You can use the hidden state to keep track of the state of the GRU operation and input further sequential data.

Input Arguments

Input data, specified as a formatted `dlarray`, an unformatted `dlarray`, or a numeric array. When `X` is not a formatted `dlarray`, you must specify the dimension label format using `'DataFormat',FMT`. If `X` is a numeric array, at least one of `H0`, `weights`, `recurrentWeights`, or `bias` must be a `dlarray`.

`X` must contain a sequence dimension labeled `'T'`. If `X` has any spatial dimensions labeled `'S'`, they are flattened into the `'C'` channel dimension. If `X` does not have a channel dimension, then one is added. If `X` has any unspecified dimensions labeled `'U'`, they must be singleton.
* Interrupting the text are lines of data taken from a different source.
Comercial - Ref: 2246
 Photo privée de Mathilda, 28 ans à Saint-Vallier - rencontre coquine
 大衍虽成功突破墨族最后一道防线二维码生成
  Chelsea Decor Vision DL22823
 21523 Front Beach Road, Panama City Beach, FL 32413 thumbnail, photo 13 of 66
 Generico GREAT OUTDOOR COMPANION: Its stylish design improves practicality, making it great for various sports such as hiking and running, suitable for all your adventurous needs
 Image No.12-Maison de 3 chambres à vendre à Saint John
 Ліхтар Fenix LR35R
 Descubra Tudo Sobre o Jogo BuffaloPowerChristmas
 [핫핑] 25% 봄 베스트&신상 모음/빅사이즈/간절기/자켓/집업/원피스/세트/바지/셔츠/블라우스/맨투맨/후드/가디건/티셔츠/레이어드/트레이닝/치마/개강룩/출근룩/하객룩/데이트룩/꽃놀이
Data Types: `single` | `double`

Initial hidden state vector, specified as a formatted `dlarray`, an unformatted `dlarray`, or a numeric array.

If `H0` is a formatted `dlarray`, it must contain a channel dimension labeled `'C'` and optionally a batch dimension labeled `'B'` with the same size as the `'B'` dimension of `X`. If `H0` does not have a `'B'` dimension, the function uses the same hidden state vector for each observation in `X`.

If `H0` is a formatted `dlarray`, then the size of the `'C'` dimension determines the number of hidden units. Otherwise, the size of the first dimension determines the number of hidden units.

Data Types: `single` | `double`

Weights, specified as a formatted `dlarray`, an unformatted `dlarray`, or a numeric array.

Specify `weights` as a matrix of size `3*NumHiddenUnits`-by-`InputSize`, where `NumHiddenUnits` is the size of the `'C'` dimension of `H0`, and `InputSize` is the size of the `'C'` dimension of `X` multiplied by the size of each `'S'` dimension of `X`, where present.

If `weights` is a formatted `dlarray`, it must contain a `'C'` dimension of size `3*NumHiddenUnits` and a `'U'` dimension of size `InputSize`.

Data Types: `single` | `double`

Recurrent weights, specified as a formatted `dlarray`, an unformatted `dlarray`, or a numeric array.

Specify `recurrentWeights` as a matrix of size `3*NumHiddenUnits`-by-`NumHiddenUnits`, where `NumHiddenUnits` is the size of the `'C'` dimension of `H0`.

If `recurrentWeights` is a formatted `dlarray`, it must contain a `'C'` dimension of size `3*NumHiddenUnits` and a `'U'` dimension of size `NumHiddenUnits`.

Data Types: `single` | `double`

Bias, specified as a formatted `dlarray`, an unformatted `dlarray`, or a numeric array.

Specify `bias` as a vector of length `3*NumHiddenUnits`, where `NumHiddenUnits` is the size of the `'C'` dimension of `H0`.

If `bias` is a formatted `dlarray`, the nonsingleton dimension must be labeled with `'C'`.

Data Types: `single` | `double`

Dimension order of unformatted input data, specified as the comma-separated pair consisting of `'DataFormat'` and a character array or string `FMT` that provides a label for each dimension of the data. Each character in `FMT` must be one of the following:

• `'S'` — Spatial

• `'C'` — Channel

• `'B'` — Batch (for example, samples and observations)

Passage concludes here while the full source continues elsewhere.